[Opening DATA section]

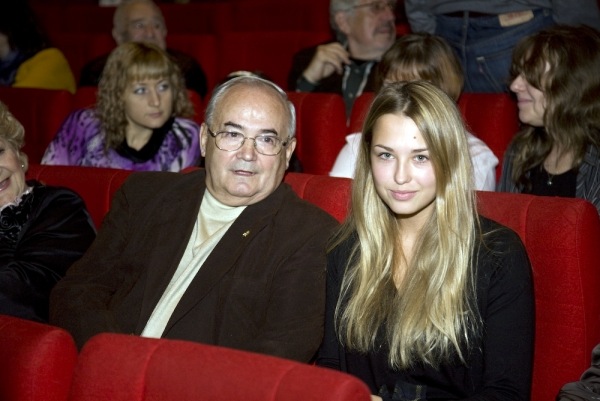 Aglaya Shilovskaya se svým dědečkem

[Closing DATA section]
[Opening DATA section]

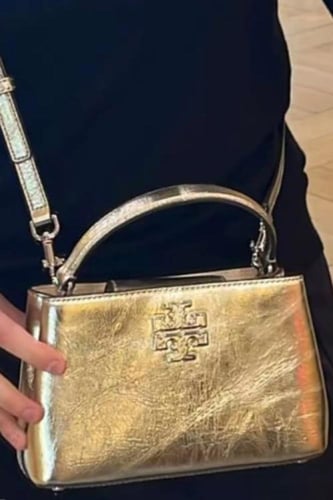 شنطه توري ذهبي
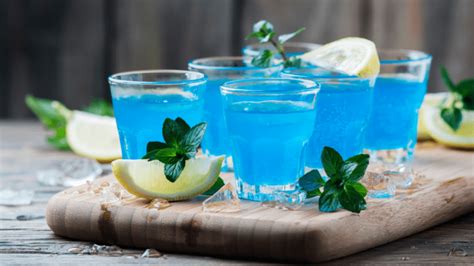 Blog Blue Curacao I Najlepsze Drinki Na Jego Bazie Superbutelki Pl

[Closing DATA section]
[Opening DATA section]

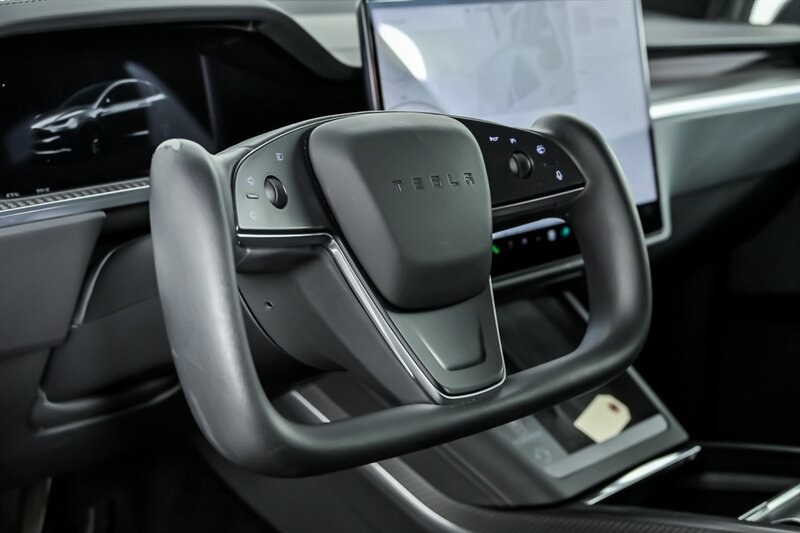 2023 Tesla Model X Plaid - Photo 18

[Closing DATA section]

## PROBLEM
Starting at the line above that contains "شنطه توري ذهبي", transcribe every line exactly through the line that contains "Blog Blue Curacao", including that last one, and skip the pictures.

## TASK OUTPUT
 شنطه توري ذهبي
 Blog Blue Curacao I Najlepsze Drinki Na Jego Bazie Superbutelki Pl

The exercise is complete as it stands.